What needs to be done:
Exclude the pictures, then copy all remaining records exactly.
━━━ Data extract ━━━
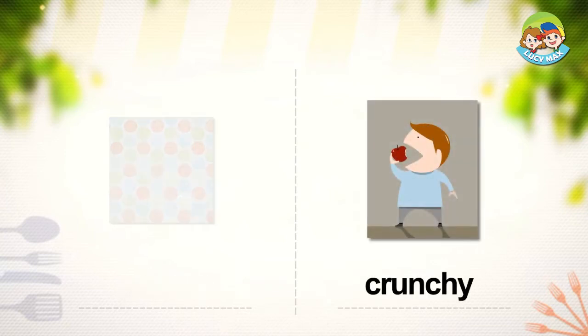Crunchy: if a food is crunchy, it is pleasantly hard or crisp. So when we eat crunchy food, it makes a noise.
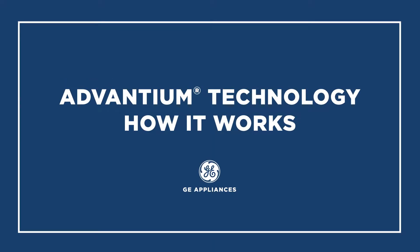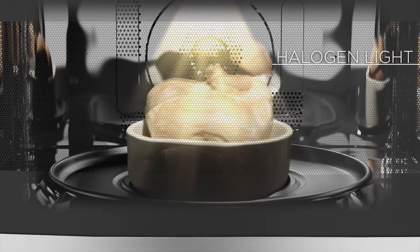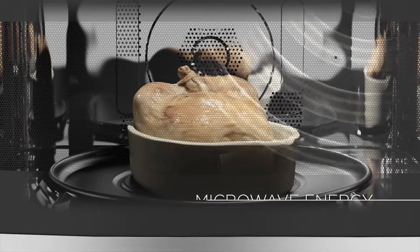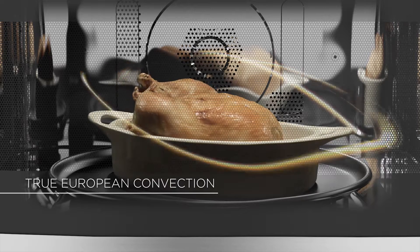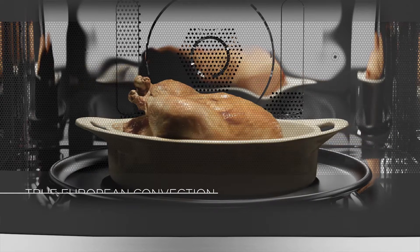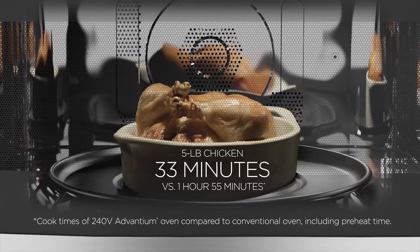GE's exclusive Advantium technology is made possible by combining three different cooking methods. Halogen light, microwave energy, and true European convection all work together to provide the exact amount and type of heat your food needs precisely when it needs it.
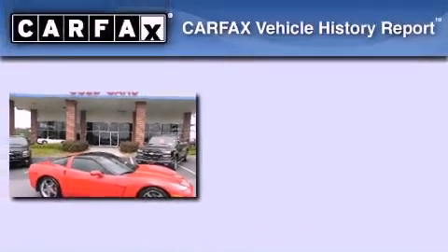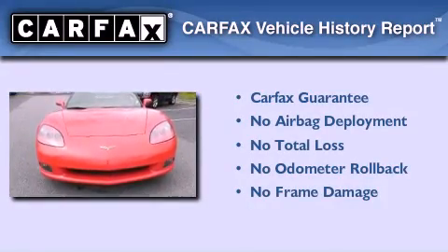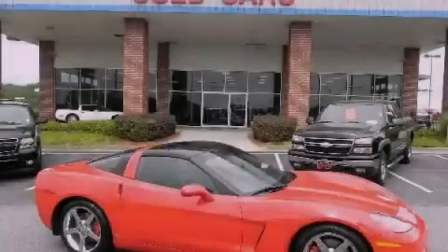Not to mention that this Chevrolet qualifies for the Carfax buyback guarantee. Please call today to reserve this vehicle for a test drive.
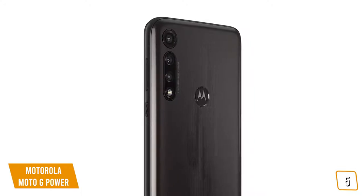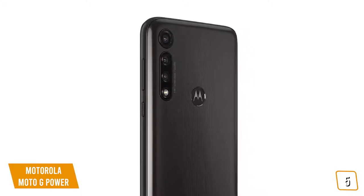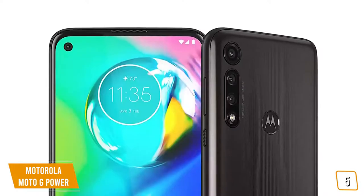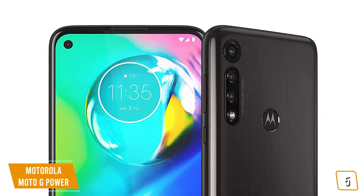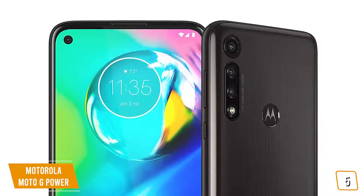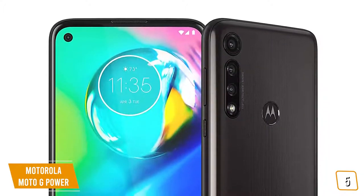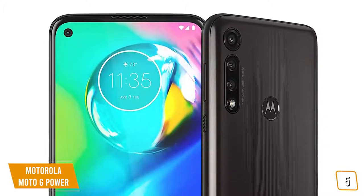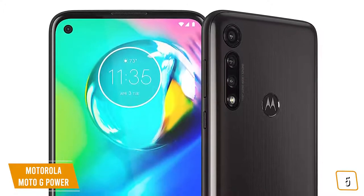You'll be able to capture ultra-wide-angle panoramas, sharper portraits, and super-detailed close-up shots. You'll notice that the front-facing camera has been put inside a hole-punch cutout in the phone's 6.4-inch display, giving you maximum screen real estate like the premium phones. You'll also really enjoy all of the different types of pictures you can take with the Moto G Power's three rear cameras.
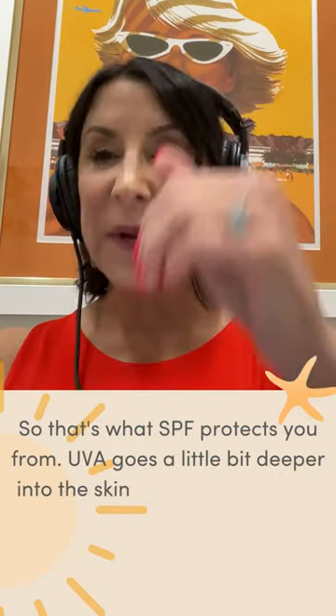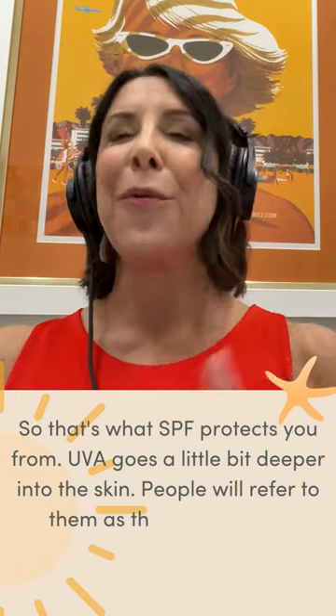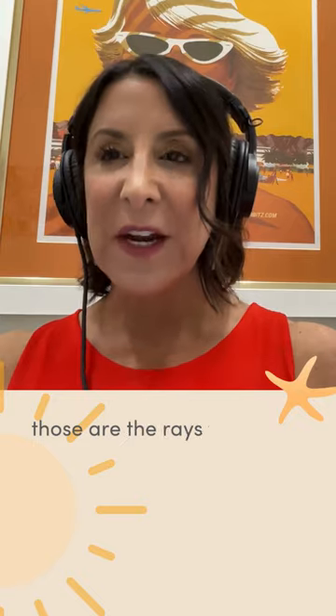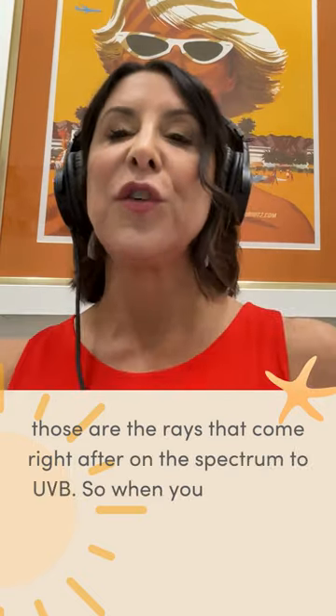UVA goes a little bit deeper into the skin. People will refer to them as the aging rays — those are the rays that come right after UVB on the spectrum.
━━━
The answer:
Crunchy: if a food is crunchy, it is pleasantly hard or crisp. So when we eat crunchy food, it makes a noise.
GE's exclusive Advantium technology is made possible by combining three different cooking methods. Halogen light, microwave energy, and true European convection all work together to provide the exact amount and type of heat your food needs precisely when it needs it.
Not to mention that this Chevrolet qualifies for the Carfax buyback guarantee. Please call today to reserve this vehicle for a test drive.
You'll be able to capture ultra-wide-angle panoramas, sharper portraits, and super-detailed close-up shots. You'll notice that the front-facing camera has been put inside a hole-punch cutout in the phone's 6.4-inch display, giving you maximum screen real estate like the premium phones. You'll also really enjoy all of the different types of pictures you can take with the Moto G Power's three rear cameras.
UVA goes a little bit deeper into the skin. People will refer to them as the aging rays — those are the rays that come right after UVB on the spectrum.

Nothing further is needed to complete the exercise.